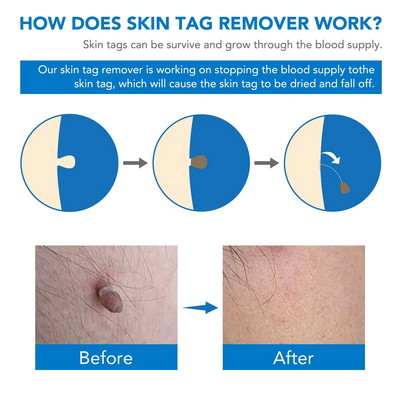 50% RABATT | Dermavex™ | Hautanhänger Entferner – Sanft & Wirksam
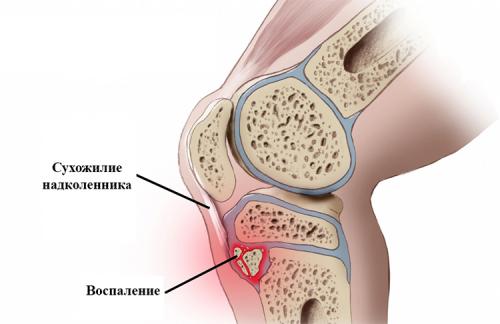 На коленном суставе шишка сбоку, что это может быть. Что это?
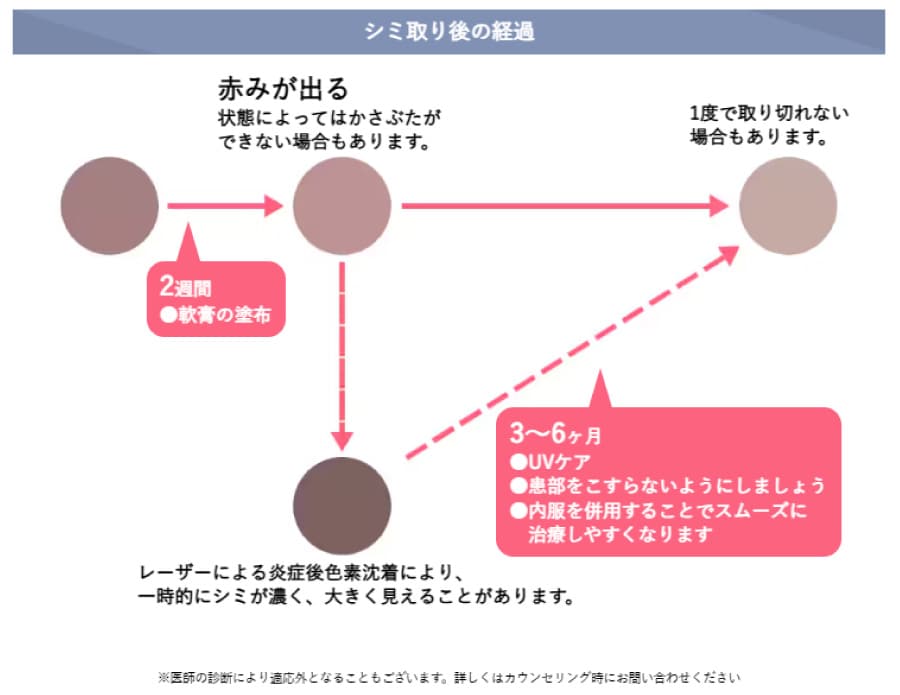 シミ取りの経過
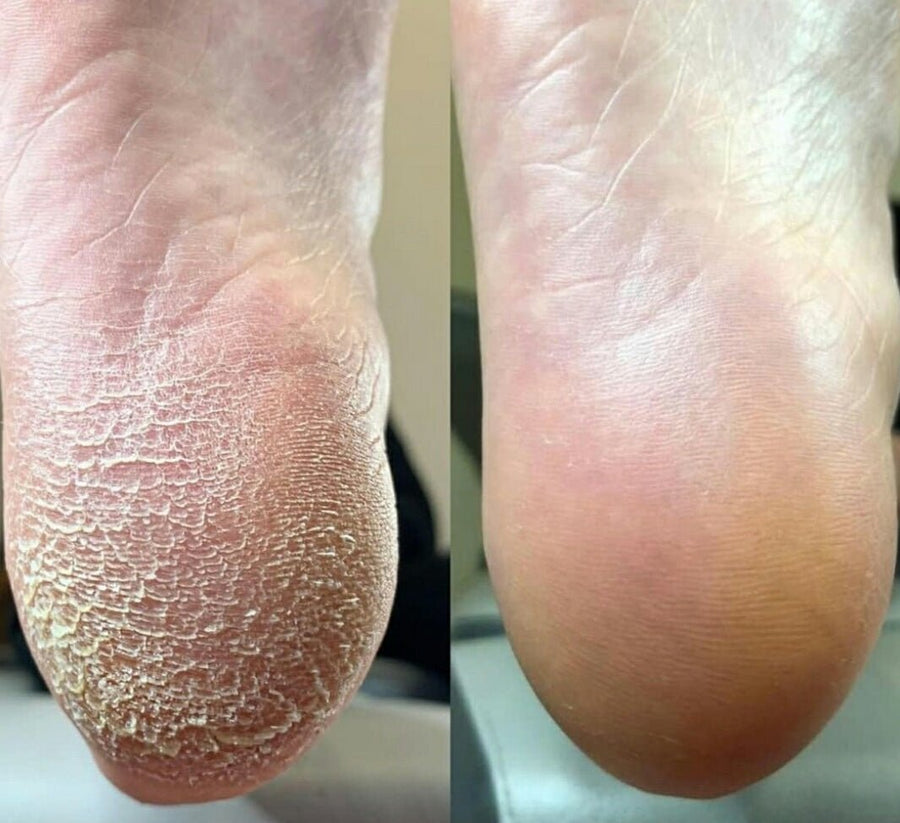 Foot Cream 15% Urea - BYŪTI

============

What you will do:
The data above should be restated exactly, with its images dropped.

Result:
 50% RABATT | Dermavex™ | Hautanhänger Entferner – Sanft & Wirksam
 На коленном суставе шишка сбоку, что это может быть. Что это?
 シミ取りの経過
 Foot Cream 15% Urea - BYŪTI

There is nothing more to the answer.